The tournament is currently scheduled to include 32 teams and be hosted solely by Qatar, with 64 matches staged at eight stadiums over a 28-day period.

However, Mr Infantino has suggested neighbouring countries could also stage games if he is successful in his ambition to increase the size of the World Cup.

The 2026 tournament is already due to involve 48 teams, but FIFA's president has since outlined his vision of an expanded competition four years earlier.

Qatar's neighbours, including Saudi Arabia, Bahrain and the United Arab Emirates, are all currently part of an economic and travel boycott against the country.

But, suggesting the World Cup could help end the diplomatic dispute, Mr Infantino compared the situation to how the 2026 hosts - the US, Canada and Mexico - were engaged in a trade dispute at the time they won the right to host the tournament.

"The relations were a little bit tense right between these countries," Mr Infantino said. "It's something that's comparable with the Gulf region."

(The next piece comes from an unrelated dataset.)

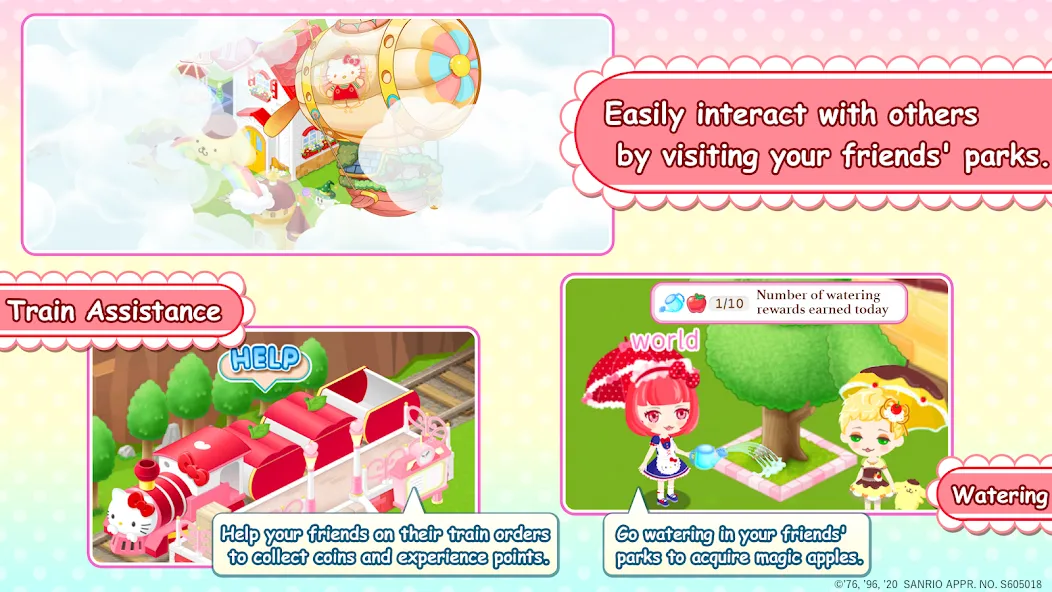 HelloKittyWorld2 Sanrio Kawaii (ХеллоуКиттиВорлд2 Санрио Каваии)  [МОД Бесконечные монеты] Screenshot 5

"But for me, you know if there is a possibility [of sharing games], if there is a chance at least to even discuss, we should try."

He added: "This is something that would probably be a nice message."

However, the FIFA boss did admit "maybe it will never happen", despite revealing he had discussed the idea with Qatar's ruler Sheikh Tamim bin Hamad Al Thani.

"When we speak it remains between us of course," he said.

"What is, I think, important is that he told us, 'Let's continue the discussions together and see if this can [work]'."

Nasser al-Khater, assistant secretary general of the Qatar 2022 organising committee, also appeared open to the idea.

"Technically speaking, everything is possible," he told Al Jazeera.

"It's just that we need to understand the format, how it's going to change, how many days would be increased for the 48-team World Cup and we take it from there."

Increasing the length of the 2022 tournament would likely be fiercely resisted by top European clubs, who have already had to accommodate the tournament in the middle of their domestic seasons.

The Qatar World Cup has been moved from July 2022 to November and December of that year, due to the Middle East's scorching summer heat.

Campaigners reiterated human rights concerns about the 2022 tournament, wherever it ends up being held.

Since Qatar were made hosts, concerns have frequently been raised about the treatment of migrant workers used to construct stadiums, as well as freedom of expression in the kingdom.

Allan Hogarth, Amnesty International UK's head of policy and government affairs, said: "Wherever the 2022 World Cup is staged, the same human rights considerations should apply - namely, that construction workers aren't exploited as the infrastructure is put up, and that basic rights like freedom of speech aren't curtailed during the lead-up to the matches themselves."